不動庵 碧眼録

武芸と禅を中心に日々想うままに徒然と綴っております。

尖閣諸島に想うこと

*あくまで私の独断と偏見で書かれています。ご了承下さい。

尖閣諸島海域で実際に戦闘が起ったら、まず間違いなく日米がかなり圧倒的に勝つことは眼に見えている。故に中国は本気で介入しないにしても挑発的になっている。そして介入できる隙をうかがっている。

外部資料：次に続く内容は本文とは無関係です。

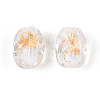 Handmade Gold & Silver Foil Glass Beads FOIL-N030-02I-5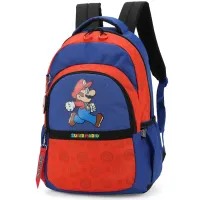 Mochila Super Mario Original Azul Luxcel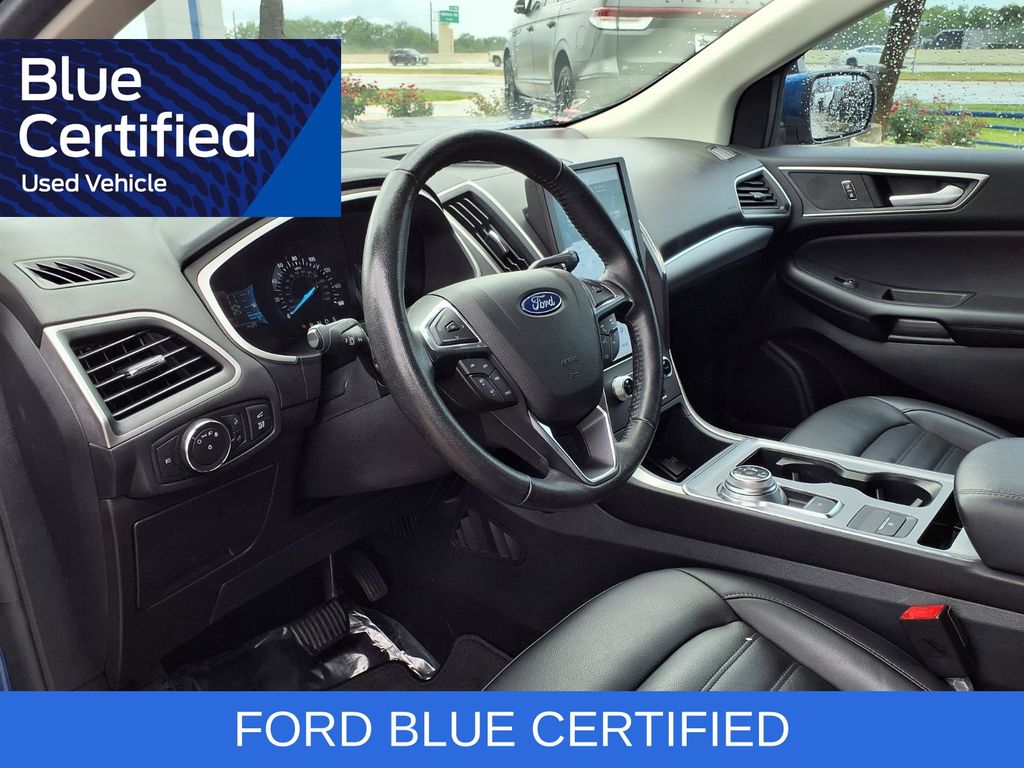 2021 Ford Edge SEL Blue at Cook Ford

しかし日米が勝った場合は短期的には日本は経済的に苦境に立たされる。中国市場から閉め出されるためだ。この間に中国から他にシフトすることができるなら、これはこれで日本が中国のくびきから解放され、無駄やムラの多い中国への投資が他国の、しかも友好的な国々へ再投資できる。今、東南アジアに再投資できたらもっと安くしかも中国製より遥かに高いクオリティーで物作りが可能だ。

また、紛争が起った場合、他国がどのように出るか、たぶんこれで日本の対中国政策が決まる。他国が中国では儲かるという悪夢に浸ったままか、悪夢から覚めるか。世界が中国の悪弊に対して協力して対抗すれば、清末期のように国家の体を為さないような乱れ方もあり得る。その場合は日本も相当な覚悟が必要。世論がそれでも中国市場に味方するのであれば、日本は更に転落すること想像に難くない。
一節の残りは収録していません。